Problem to solve:
Repeat, please, exactly the lines from the one that has "Chiffon Maxi Dress for Women" through the end of the records below, with pictures dropped.
========================================
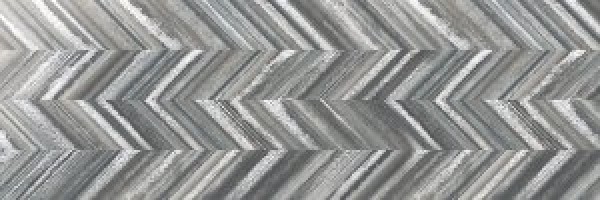 Декор Cromat-One Dec Fold Grey 25x75 Ibero Ceramicas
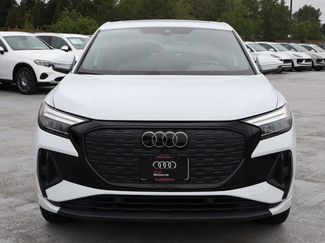 Used 2023 Audi Q4 e-tron Premium Plus w/ Premium Plus AWD/4WD video 2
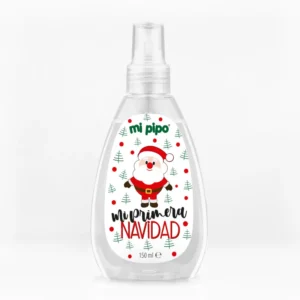 Agua Colonia Navidad Mi Primera Navidad Papá Noel 150 ml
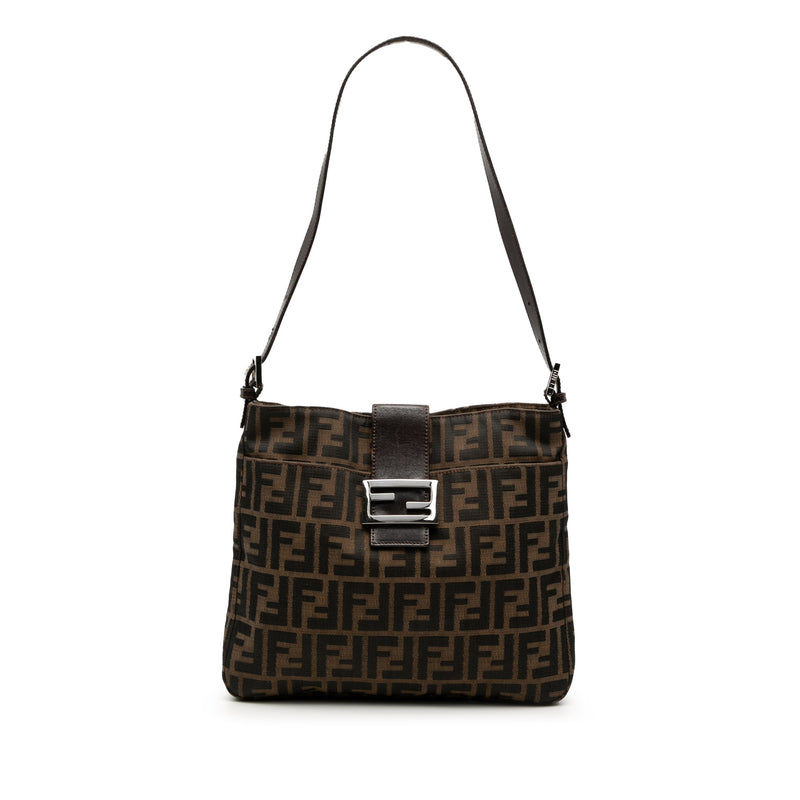 Zucca Canvas Shoulder Bag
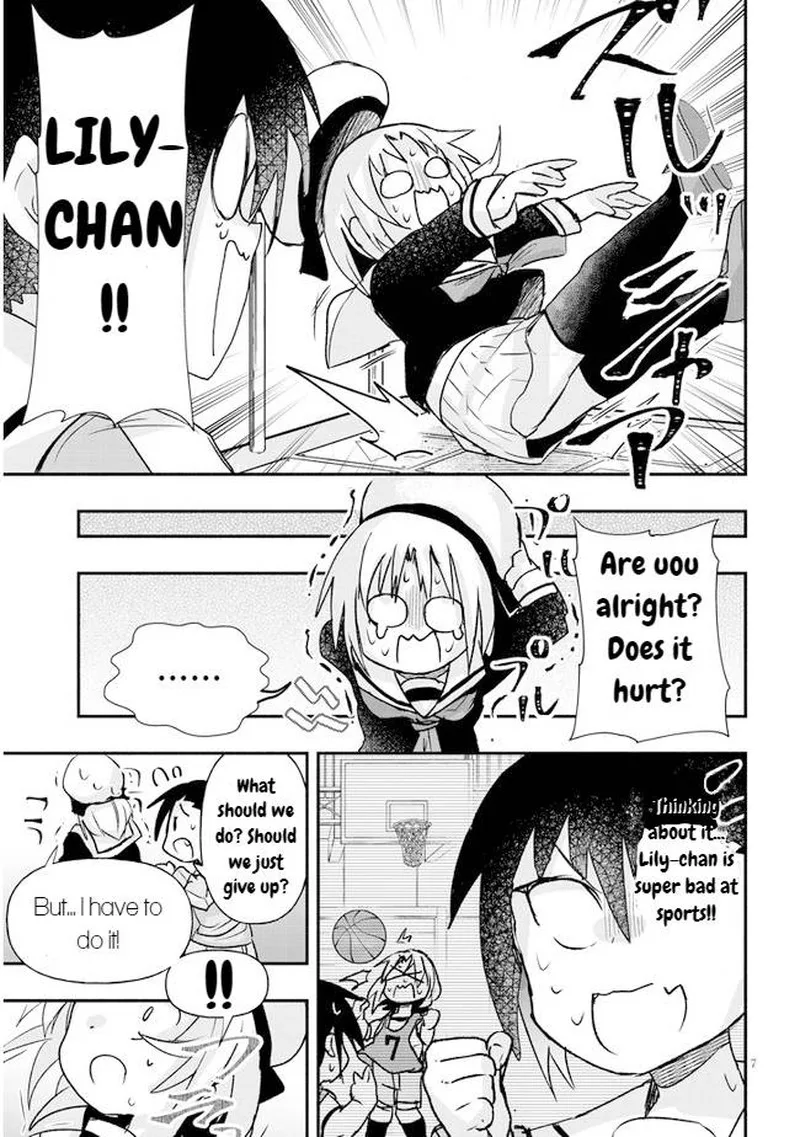Geesen Shoujo to Ibunka Kouryuu Chapter 12 page 7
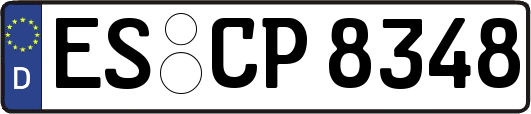 ES-CP8348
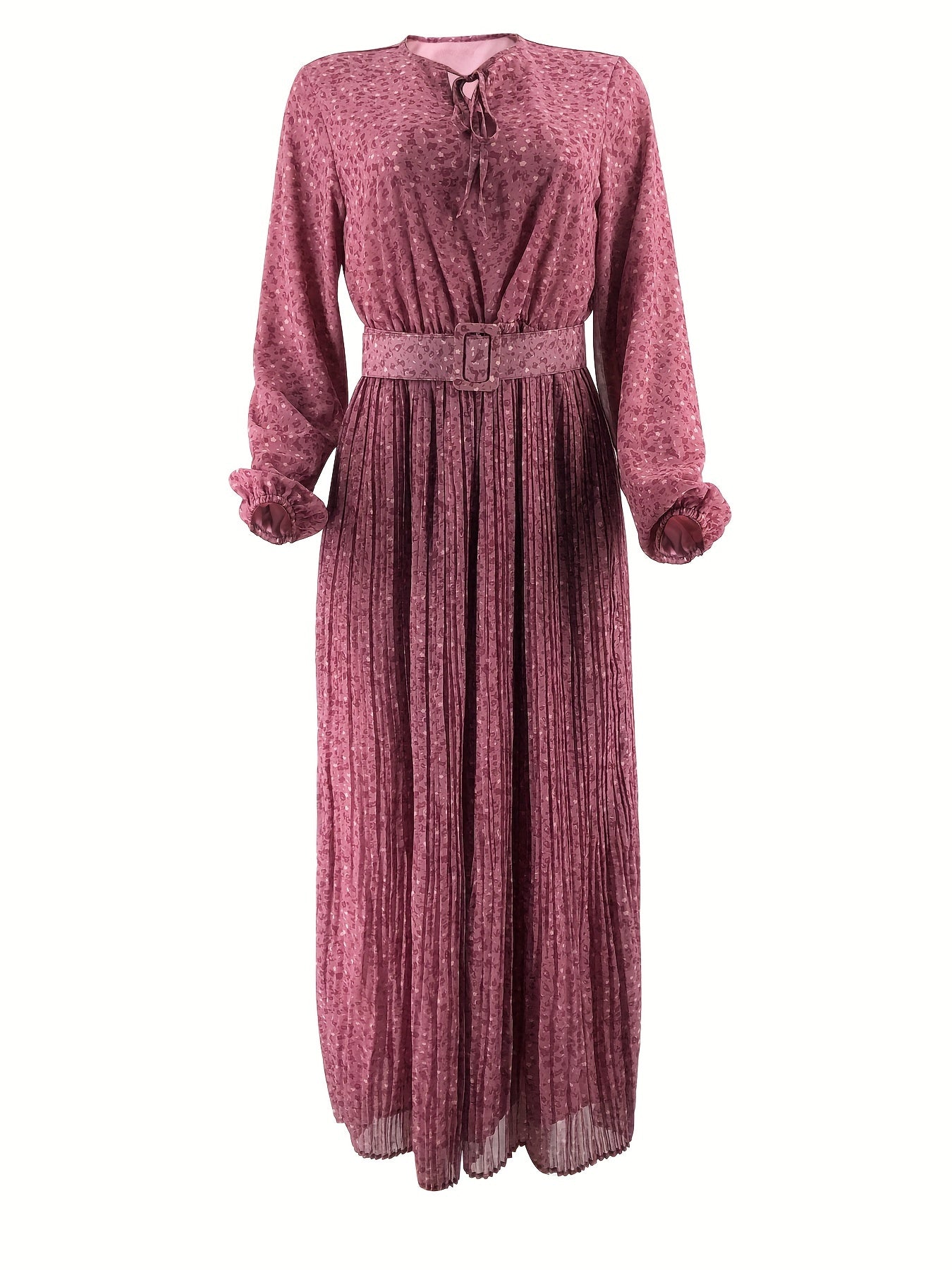 Chiffon Maxi Dress for Women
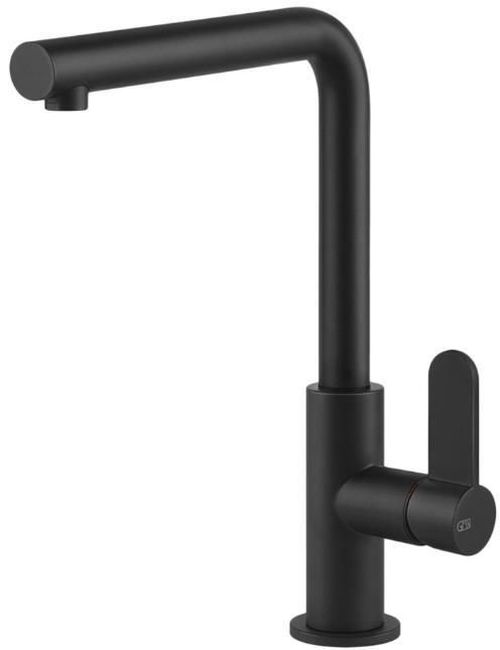 cumpără Bateria bucătărie Gessi 50105-299 Helium Matte Black în Chișinău 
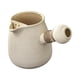 thumbnail image 5 of Tetera de porcelana para té en flor y té suelto con asa lateral estilo E, 5 of 9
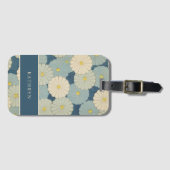 Vintage japanische Kunst Gepäckanhänger (Vorderseite (Horizontal))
========================================
Result of the task:
 Chiffon Maxi Dress for Women
 cumpără Bateria bucătărie Gessi 50105-299 Helium Matte Black în Chișinău 
 thumbnail image 5 of Tetera de porcelana para té en flor y té suelto con asa lateral estilo E, 5 of 9
 Vintage japanische Kunst Gepäckanhänger (Vorderseite (Horizontal))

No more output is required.